The U.S. Department of Homeland Security (DHS) recently announced enhancements to its process for supporting noncitizens involved in labor enforcement investigations. Specifically, noncitizen workers who are victims of or witnesses to labor rights violations can now access an expedited deferred action request process, effective immediately.
The U.S. Department of Labor (DOL) released new guidance for immigrant workers involved in worksite labor disputes, providing DOL support for these workers to receive immigration-related prosecutorial discretion from DHS. However, only DHS can provide immigration relief, and advocates were unsure how DHS would process workers’ requests for deferred action in this context without any further guidance from that agency.
When an immigrant worker reports a labor violation to DOL, that agency provides them with a “statement of interest” or a declaration of support for their deferred action. The next step is for the worker to apply for deferred action from DHS. Under the new DHS guidance, U.S. Citizenship and Immigration Services (USCIS) will have a centralized intake process that allows quicker processing and allows workers and their representatives to bypass field offices. They also can simultaneously apply for deferred action and employment authorization. DHS also confirmed in its guidance that state and local agencies could support workers’ requests for deferred action, which is a crucial development since some states have broader worker protections than are available under federal law.

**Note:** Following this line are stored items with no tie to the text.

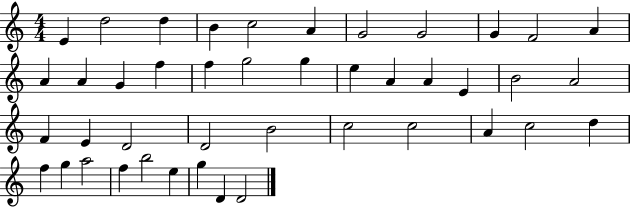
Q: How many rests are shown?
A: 0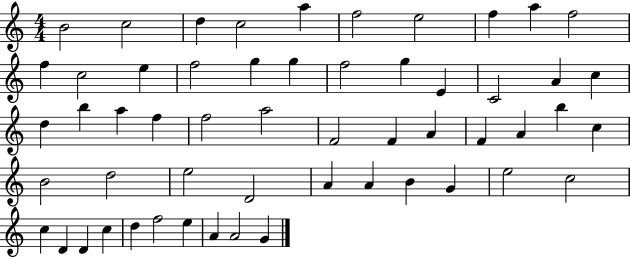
{
  \clef treble
  \numericTimeSignature
  \time 4/4
  \key c \major
  b'2 c''2 | d''4 c''2 a''4 | f''2 e''2 | f''4 a''4 f''2 | \break f''4 c''2 e''4 | f''2 g''4 g''4 | f''2 g''4 e'4 | c'2 a'4 c''4 | \break d''4 b''4 a''4 f''4 | f''2 a''2 | f'2 f'4 a'4 | f'4 a'4 b''4 c''4 | \break b'2 d''2 | e''2 d'2 | a'4 a'4 b'4 g'4 | e''2 c''2 | \break c''4 d'4 d'4 c''4 | d''4 f''2 e''4 | a'4 a'2 g'4 | \bar "|."
}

USCIS will consider each request for deferred action on a case-by-case basis, as has been its long-standing practice. Discretionary grants of deferred action typically last for two years and are subject to termination at any time. Individuals who are granted deferred action can also receive employment authorization, assuming they can demonstrate economic necessity. They also may qualify for subsequent grants of deferred action if a labor agency has a continued investigative or enforcement interest in the matter identified in their original letter supporting DHS’s use of prosecutorial discretion.

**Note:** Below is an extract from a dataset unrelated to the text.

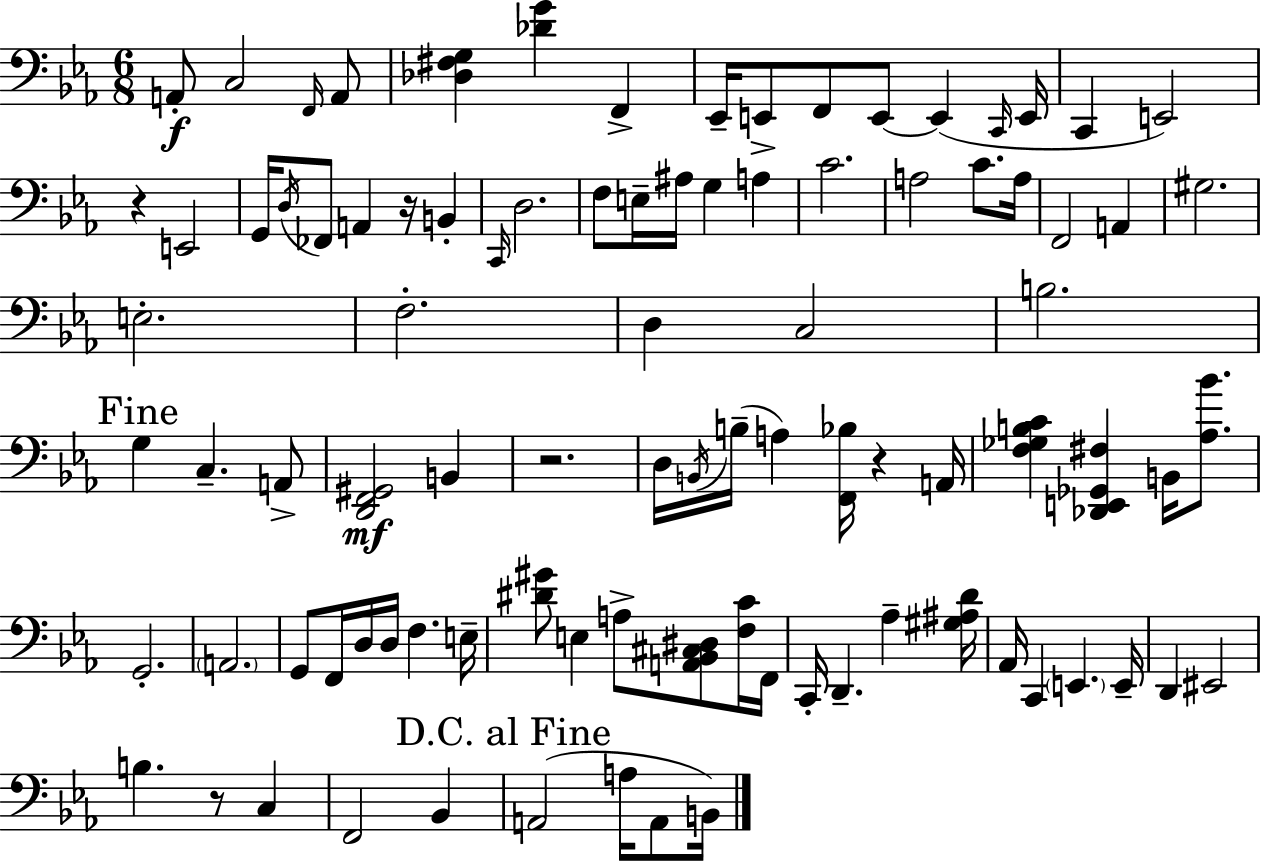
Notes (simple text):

DHS also clarified that guest workers are eligible for deferred action under these circumstances, who are some of the nation’s most vulnerable workers. For instance, in the H-2A Temporary Agricultural Worker Program, the worker’s visa is connected to a single employer. If the employer engages in labor violations, the worker’s right to work in the U.S. depends on the employer, as is the worker’s housing, food, and transportation in many instances. As a result, these workers previously have been reluctant to report labor violations. Although hopefully, the new DHS guidance will encourage these workers to come forward when they experience labor violations, it remains to be seen how workers will learn about their legal rights and whether they will feel comfortable taking advantage of them.